BRIEF DESCRIPTION OF THE DRAWINGS
[0013] The above and other features and advantages of the present
invention will become more apparent by describing in detail
exemplary embodiments thereof with reference to the attached
drawings in which:
[0014] FIG. 1 illustrates an exemplary sound tuning according to
the related art;
[0015] FIG. 2 illustrates an exemplary configuration of a sound
control system for a vehicle according to an exemplary embodiment
of the present invention;
[0016] FIG. 3 illustrates an exemplary function turned on in a
setup menu to perform sound control according to an exemplary
embodiment of the present invention;
[0017] FIG. 4 illustrates an exemplary configuration of a sound
control system for a vehicle according to another exemplary
embodiment of the present invention; and
[0018] FIGS. 5A and 5B schematically illustrate an exemplary phase
control unit of each speaker according to another exemplary
embodiment of the present invention.
DETAILED DESCRIPTION
[0019] It is understood that the term "vehicle" or "vehicular" or
other similar term as used herein is inclusive of motor vehicles in
general such as passenger automobiles including sports utility
vehicles (SUV), buses, trucks, various commercial vehicles,
watercraft including a variety of boats and ships, aircraft, and
the like, and includes hybrid vehicles, electric vehicles,
combustion, plug-in hybrid electric vehicles, hydrogen-powered
vehicles and other alternative fuel vehicles (e.g., fuels derived
from resources other than petroleum).
[0020] Although exemplary embodiment is described as using a
plurality of units to perform the exemplary process, it is
understood that the exemplary processes may also be performed by
one or plurality of modules. Additionally, it is understood that
the term controller/control unit refers to a hardware device that
includes a memory and a processor. The memory is configured to
store the modules and the processor is specifically configured to
execute said modules to perform one or more processes which are
described further below.
[0021] Furthermore, control logic of the present invention may be
embodied as non-transitory computer readable media on a computer
readable medium containing executable program instructions executed
by a processor, controller/control unit or the like. Examples of
the computer readable mediums include, but are not limited to, ROM,
RAM, compact disc (CD)-ROMs, magnetic tapes, floppy disks, flash
drives, smart cards and optical data storage devices. The computer
readable recording medium can also be distributed in network
coupled computer systems so that the computer readable media is
stored and executed in a distributed fashion, e.g., by a telematics
server or a Controller Area Network (CAN).

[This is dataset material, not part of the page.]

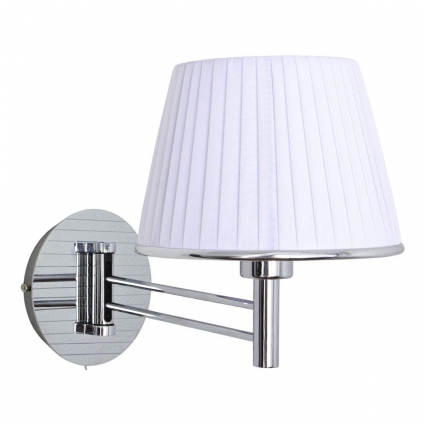 Бра Abrasax Anke MA01939W-001-09 в стиле модерн, цвет хром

[0022] The terminology used herein is for the purpose of describing
particular embodiments only and is not intended to be limiting of
the invention. As used herein, the singular forms "a", "an" and
"the" are intended to include the plural forms as well, unless the
context clearly indicates otherwise. It will be further understood
that the terms "comprises" and/or "comprising," when used in this
specification, specify the presence of stated features, integers,
steps, operations, elements, and/or components, but do not preclude
the presence or addition of one or more other features, integers,
steps, operations, elements, components, and/or groups thereof. As
used herein, the term "and/or" includes any and all combinations of
one or more of the associated listed items.
[0023] The present invention will now be described more fully with
reference to the accompanying drawings, in which exemplary
embodiments of the invention are shown, so that one of ordinary
skill in the art can easily embody the invention.

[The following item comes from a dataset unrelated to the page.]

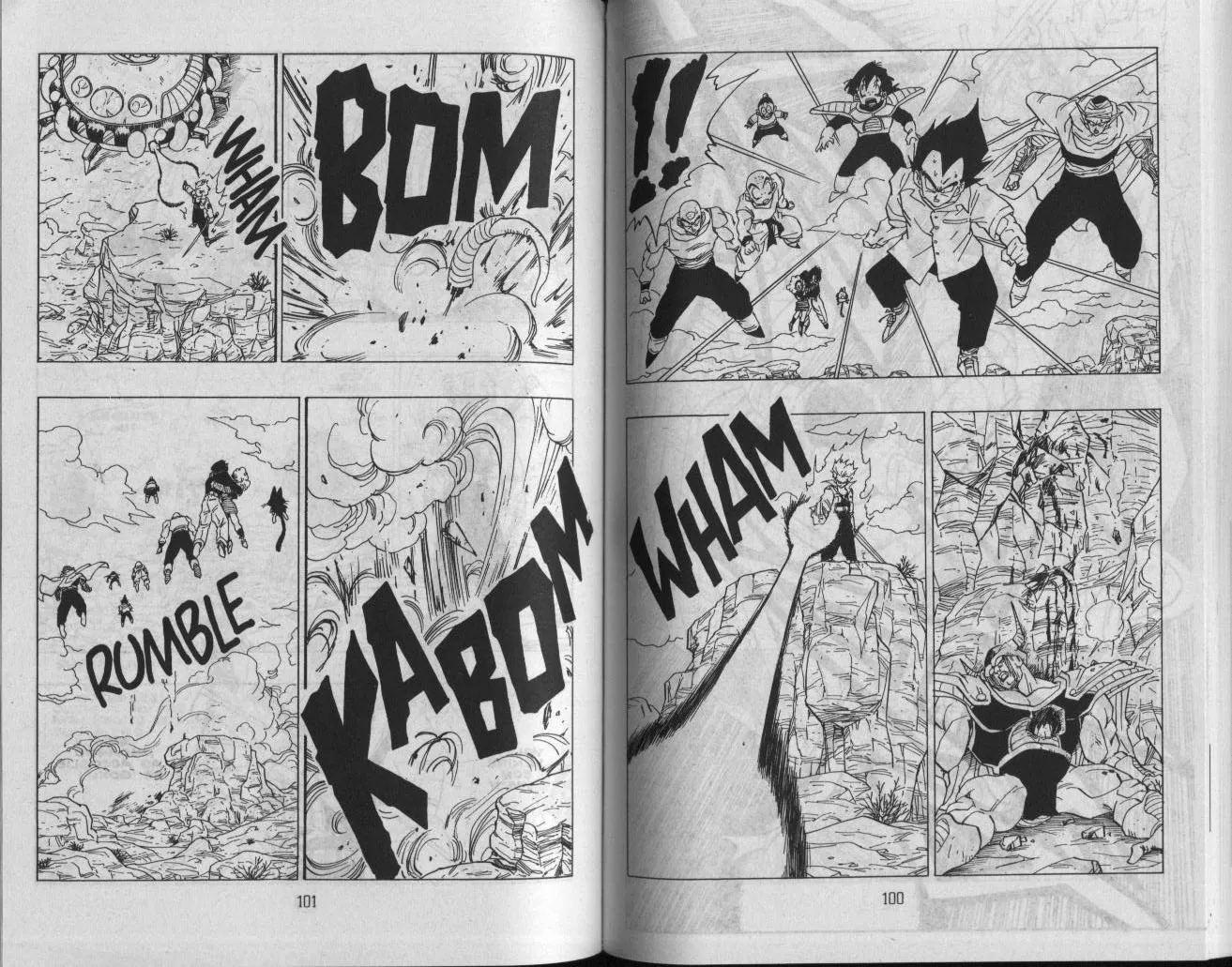Read Dragon Ball IT Manga Online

[0024] The present invention relates to a sound control system and
method for a vehicle, configured to detect whether a passenger
enters each seat within the vehicle and a sound output of a speaker
may be automatically adjusted using a control value defined based
on a position in which the passenger enters the seat within the
vehicle to provide an optimum sound state to the passenger.
[0025] FIG. 2 illustrates an exemplary configuration of a sound
control system according to an exemplary embodiment of the present
invention. As illustrated in FIG. 2, the sound control system
according to an exemplary embodiment of the present invention may
include a passenger detecting unit 10 installed at each seat of a
vehicle to adjust sound based on a position of a passenger while
the vehicle is being driven and configured to detect a passenger
that enters each seat including a driver, and a controller 20
configured to detect the position of the driver within the vehicle
from a passenger detecting signal output by the passenger detecting
unit 10 and configured to adjust sound of each of speakers 30 using
a predetermined control value based on the passenger position.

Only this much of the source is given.